The 4 onboard interfaces on cr1-eqsin (MX104) started to fail shortly after seeing (little) traffic.
This is not a blocker for the initial setup of the site, but is a blocker for sending users to that site.

A case has been opened with Juniper and after extensive troubleshooting they concluded that the midplane (aka, the whole box except linecards, REs and PSUs) needed to be replaced.

Their logistics departments gave us a 2 weeks ETA on Feb. 12th (so Feb. 26th).
I emailed them on Feb. 15th and Feb 19th for an update, with no replies.

Called their support today, they told me it was still with their planing team (aka. no replacement available yet), not possible to talk to that planning team, but one of their supervisors should call me back shortly.

Once we have a tracking#, I'll open a inbound shipping and remote hands task for Equinix to proceed with the replacement.

Instruction should be relatively easy:

  1. Save the output of show interfaces descriptions and show chassis hardware
  2. Downtime monitoring
  3. Label cables (or write down their labels/ports) as well as modules
  4. Power off the box
  5. remove the modules
    1. Replace the REs
    2. Replace the MICs
    3. Replace the Transceivers
    4. Replace the AC Power Supply
  6. Swap the faulty box with the new unit
  7. Re-insert the modules in the same slots and re-cable
  8. Power on the box
  9. Verify good health, matching output with: show interfaces descriptions and show chassis hardware, monitoring, etc.
  10. Re-label the box cr1-eqsin
  11. Re-use the shipping box and included shipping label to send the faulty box to Juniper

Event Timeline

Restricted Application added a subscriber: Aklapper. · View Herald Transcript

Most recent update was:

We are pushing the delivery by next week if there everything is smooth and no customs clearance issue.

Send on the 24th.

Still asking for a more accurate ETA.

Unit shipped with
Supposed to arrive in Singapore on the 1st, and clear custom 2 days later, for a final ETA of 03-Mar-2018 20:25:00 SGT.
As this is a Saturday 8pm, the most likely ETA at SG3 is Monday the 5th.

Inbound shipping ticket opened with Equinix SG3
Smart hands task added to the batch (not submitted yet).

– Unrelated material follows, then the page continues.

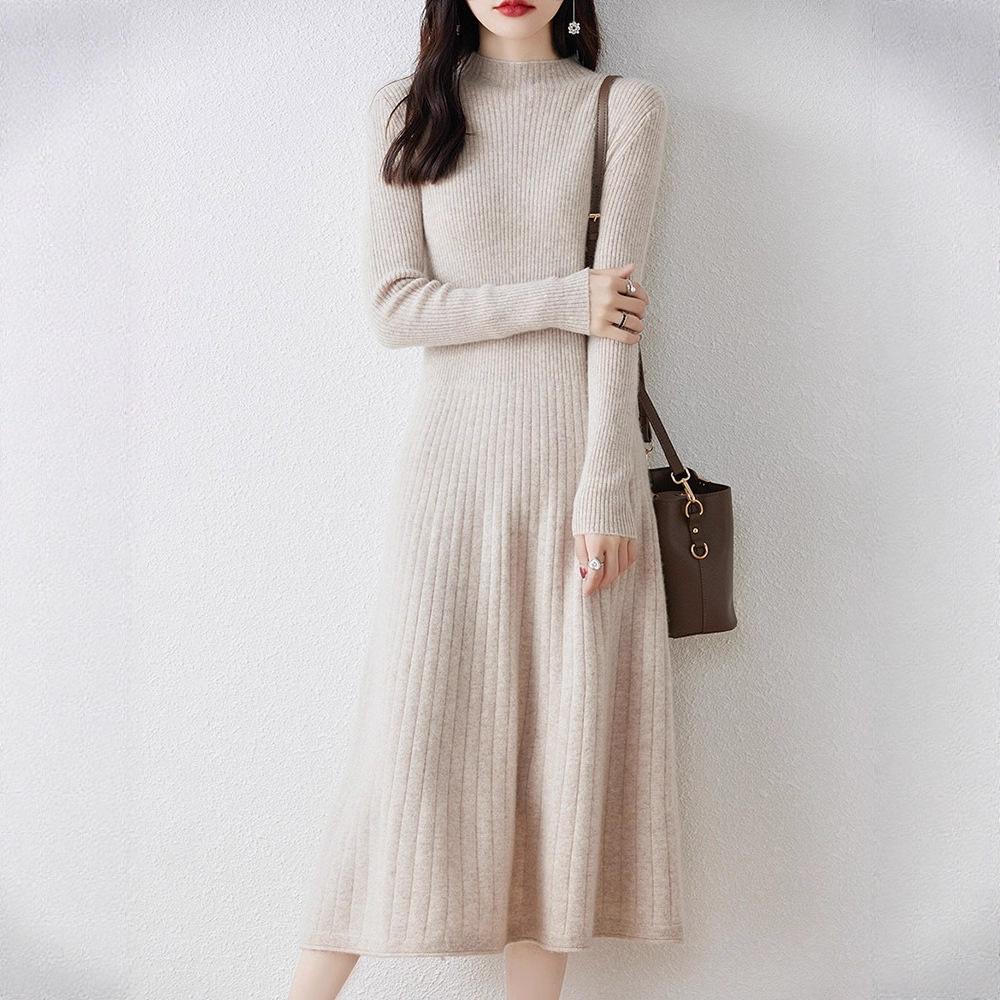 Slimming Mid-length Dress for Women Half Turtleneck Knitted Dress Solid Color A-line Sweater Dress for Autumn and Winter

The shipping company has updated: 05-Mar-2018 18:34:00 SGT Proof of Delivery Rcvd

Mentioned in SAL (#wikimedia-operations) [2018-03-06T04:29:08Z] <bblack> eqsin router maintenance starting soon-ish. all of eqsin will be offline and isn't in production service to begin with. We've tried to downtime all the things, but don't be shocked at spurious alerts! - T187807

Unit replaced by Papaul, all interfaces are up! No alarms.